L’étole était magnifique, tissée avec soin, fine entre ses doigts blessés. Piquée par la jalousie, elle la froissa et la jeta à terre, l’écrasant sous la plante de ses pieds. Comment donc ses sœurs pouvaient-elles faire pareils ouvrages, quand elle ne pouvait que trancher tout ce qu’elle touchait ? Ivre de colère, Altaïs avait saisi ses lames et découpé sans aucune pitié le travail de sa sœur aînée. Si sa mère ne voulait sur elle poser ses yeux pour la complimenter, alors elle lui porterait attention pour la punir.

Dans la nuit, l’on entendait seulement les bruits des lames déchirant le tissage d’étoiles et les sanglots rageurs de la plus délaissée des trois sœurs.

— Très chère sœur, lui avait alors souri la tisseuse tandis qu’elle s’approchait d’Altaïs au désespoir. Qu’allons-nous faire de cela ?

Elle avait désigné les morceaux de l’étoffe dispersés à terre.

— Qu’en sais-je ? Je n’attends rien de notre Mère, je ne saurai quoi en faire pour lui plaire.

— Pourquoi ne pas les rassembler pour lui créer une éternelle chute d’étoiles ?

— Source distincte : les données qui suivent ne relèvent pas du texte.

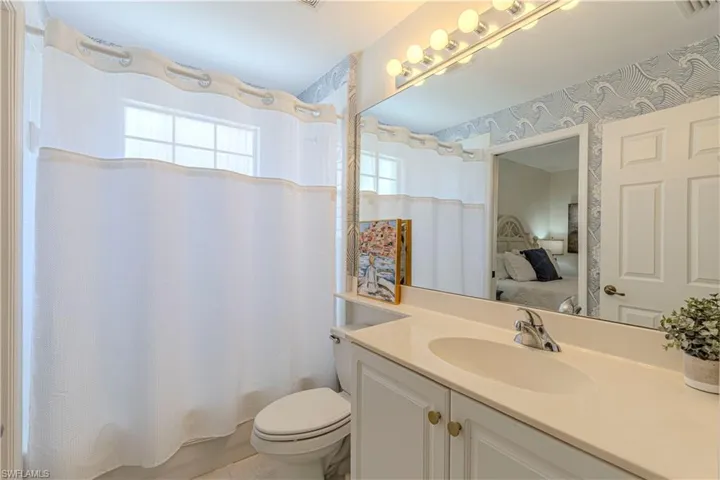 Full bathroom featuring vanity, toilet, and shower / tub combo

Altaïs avait alors ramassé les lambeaux étoilés, était montée sur les plus hauts nuages du ciel. Ainsi à l’ouvrage, elle découpait, rapiéçait, illuminait le ciel nocturne. Au septième jour, elle avait achevé son œuvre. Se tournant vers la Lune, elle s’était alors inclinée devant elle pour lui présenter sa toile d’astres :

— Tendre mère, voici la Voie Lactée. Si d’aventure vous souhaitez que j’orne notre royaume d’autres créations, je suis à votre service.

Et tandis qu’elle s’était redressée, sa mère lui avait souri de fierté.